Man your situation sucks balls. I've not got much to offer as I got lucky with my 2nd set of boots and have worn Salomon since. Malumutes (at least mine from a couple of seasons ago) have some things going on to combat heel lift. Velcro type stuff in the heel area between liner and shell to hold the liner in place, then some kind of grippy material inside the liner to grip your heel and finally a strap inside the shell that goes over the liner to hold your foot down and back. I'm not sure if those features are on any other models - I don't think my Synapse had the strap but they were from 8 or so years ago. Worth having a look at the recent high end Salomons incase you can make them work. BTW I have big calfs and relatively skinny ankles.


----------



## wrathfuldeity (Oct 5, 2007)

arbroadbent said:


> Yes. I definitely have trunk legs/calves from playing soccer all my life. I've tried some women specific boots but feel like my legs are just too big. I've read on hear that women specific boots have a lower cut to allow for anatomy differences with the calf. When I put those on it doesn't fully close around my leg. I tried the Salomon sr8tjkt in the women's 9.5 (which apparently is mondo 26.5 even though the epic mt gear guy tried to convince me otherwise). I was previously in a women's 11 Burton (that was after the size 10 men's 32s I started with).
> I think my arch is pretty high too which is why I got the green superfeet with the high arch. I feel like those work ok. When I put my custom orthotic in it feels like my foot is cramping, especially carving on toeside edge. I don't know why it feels so terrible because they work great for my shoes (I know totally different concept). I feel like there has to be a solution out there. I have bad plantar fasciitis which is why I wear the insoles/orthotic. But....funny enough my plantar fasciitis pain is not bad when I snowboard (crazy). It actually doesn't bother me anymore because I have those orthotic in the first place. Maybe I just have shit feet.
> 
> Ha. I tried to take a pic of my heel but? Idk how to get a good look at it?





arbroadbent said:


> What does this mean exactly? I have the newer now yes binding system which is the best I have ever had for bindings. I've tried a lot of Burton bindings etc and some flows. Is there a different strap I should look into? The now strap is kind of rubber-like which I'm not accustomed to. Also, the other strap I like that at goes on the tip of toes instead of over the top like older bindings.
> I try not to tighten too much as I've read on here overtightening can cause problems too.

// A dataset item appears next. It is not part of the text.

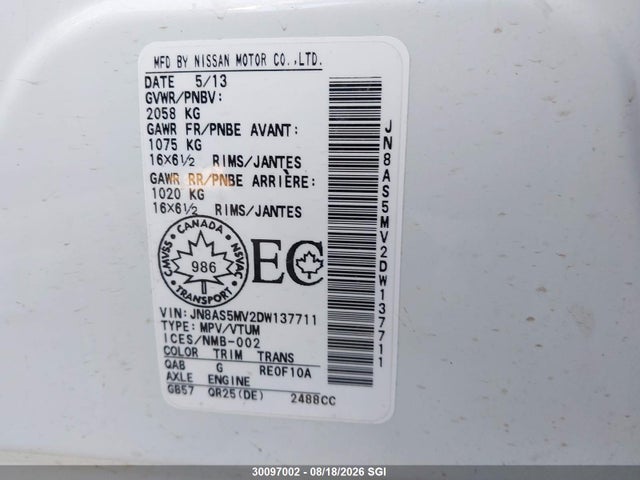 Продажа на аукционе авто 2013 Nissan Rogue S/sv, vin: JN8AS5MV2DW137711, номер лота: 30097002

Take an old pair of your ortho's and grind/sand them down on the bottom to reduce the volume and thus have more room for your instep. But first!...shape the blocky ortho's so that they will fit inside your liners. And/or take your best fitting pair of ortho's to REI or a mountian boot core shop and compare aftermarket insoles to your ortho's and try to get a very close fit...again you will probably need to grind, cut and shape the new aftermarket insoles to be like your ortho's...but have the shape/support of your ortho's but less volume/lower profile.

Binding straps can be adjusted up or down...vertically. Some binding straps tend to sit low and thus go more over where your instep meets your ankle. Thus raising or figuring out to get the ankle strap just a few mm or 0.5 cm higher...to get it off the instep to a tad higher on the ankle can help.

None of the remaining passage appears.